Un constat d'échec : au revoir Paris !
Plus on nous assène ce mantra de la diplomatie d'influence que l'on ne cesse de conceptualiser, plus on a des raisons sérieuses d'être dubitatif sur la consistance réelle de ce concept dans la pratique de la diplomatie française. L'aveuglement de nos dirigeants successifs face à l'effacement de notre pays sur la scène internationale est pathétique, désespérant. La voix de la France serait attendue et entendue, nous répète-t-on à longueur de péroraisons qui sonnent creux par leur côté pavlovien. La politique étrangère de la France pensée par des énarques (la plupart d'entre eux n'ont jamais mis les pieds à l'étranger) ferait pâlir d'envie le monde. La diplomatie de la France serait pris comme modèle tant elle est géniale et dans la lignée de Talleyrand. Le reste est à l'avenant ! Les bras vous en tombent (Cf. les bourdes de Jean-Marc Ayrault).
Aucun de ces raisonnements ne résiste à une analyse de bon sens. L'histoire se répète. Pour faire de la politique, il faut rêver, dit-on ! Mais il faut avant tout être réaliste. L'influence ne se décrète pas, elle se construit sur le long terme par un mélange subtil de « hard power » et de « soft power ». Pour ce qui est du premier, les moyens de la Défense sont aux limites de nos capacités, l'inutile opération « Sentinelle » venant désorganiser une structure qui n'en avait pas besoin. Pour ce qui est du second volet, le constat est encore plus accablant. « Paris a perdu son hégémonie. Elle faisait figure, sur le plan intellectuel, d'Athènes moderne. C'est le déclin d'Athènes… et la prise du pouvoir par la nouvelle Rome, les Etats-Unis »7. Le point de passage obligé est désormais Berlin ! C'est une vérité d'évidence que seuls les aveugles, les somnambules – et ils sont légions – ne veulent pas voir.
Une causalité redoutable : la multiplication des erreurs
La France sort de l'Histoire. Sa situation économique n'est guère enviable, son attractivité diminue8. Tous les indicateurs sont au rouge. La commission européenne nous tance régulièrement sur le non-respect des règles et sur notre déficit de réforme. A Bruxelles, 85% des textes produits sont en anglais. Au Saint-Siège, le Français n'est plus la langue de référence. Les rodomontades répétées de Laurent Fabius ainsi que ses coups de menton aussi ridicules que contre-productifs nous ont été fatals. La diplomatie française est hors-jeu sur la Syrie, l'Irak en dépit d'un bombardement mensuel. La France tente des réparations minimales, empilent rustines et rapiéçages dans l'attente d'hypothétiques jours meilleurs. Au cours de la dernière décennie, nous nous sommes projetés comme une « grande nation » que nous n'étions plus. Car une telle vue ne résiste évidemment pas aux faits comme sur la question du climat9.

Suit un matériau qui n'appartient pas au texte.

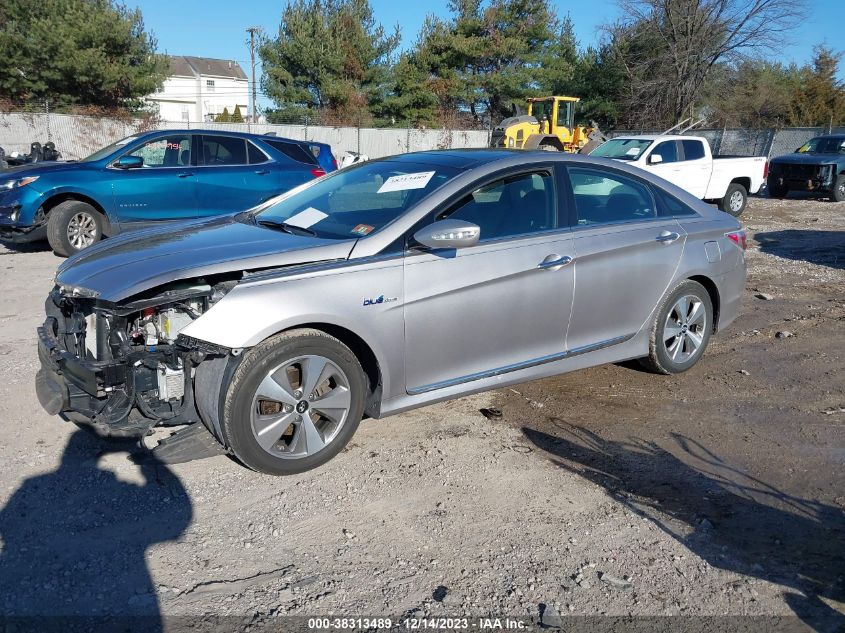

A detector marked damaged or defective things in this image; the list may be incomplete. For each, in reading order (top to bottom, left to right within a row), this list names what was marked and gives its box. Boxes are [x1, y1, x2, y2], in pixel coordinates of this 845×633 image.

Il y a ce défaut de vision globale et de long terme d'une diplomatie aux abois qui a conduit aux erreurs grossières sur les crises du Proche et Moyen-Orient (« Initiative pour la paix au Proche-Orient », Paris, 3 juin 2016). Il est trop facile pour les hommes politiques de se défausser de leur responsabilité sur les fonctionnaires. « Nos diplomates ne peuvent faire de miracles lorsqu'ils sont amenés à ne défendre que des dossiers indéfendables, qui les placent systématiquement du mauvais côté de l'Histoire »10. Si la diplomatie doit faire connaître sa mission et son bilan au plus grand nombre, il est regrettable qu'elle cède aux mauvais réflexes d'une communication racoleuse, voire contradictoire11 et au tropisme actuel du mentir vrai ! Conséquence de cette faiblesse coupable, il n'y a que Bernard-Henri Lévy pour se faire l'avocat zélé de François Hollande12.
LA FIN DES ILLUSIONS
« L'homme n'accepte le changement que sous l'emprise de la nécessité » (Jean Monnet). Croit-on encore pouvoir sauver la face en courbant l'échine ; en en appelant à une Europe moribonde en voie de désintégration, en s'alignant sur les positions des États-Unis et de son bras armé l'OTAN ; en ostracisant la Russie et, finalement, en se maintenant dans une obscure clarté avec une diplomatie faite de beaucoup de communication et de peu de réflexion et d'action ? Croit-on encore que c'est en avançant les yeux fermés que nous éviterons le gouffre ? Croit-on que nous influencerons les débats en nous retranchant derrière une hypocrisie qui empêche de dire clairement les choses telles qu'elles sont et non comme nous souhaiterions qu'elles soient ?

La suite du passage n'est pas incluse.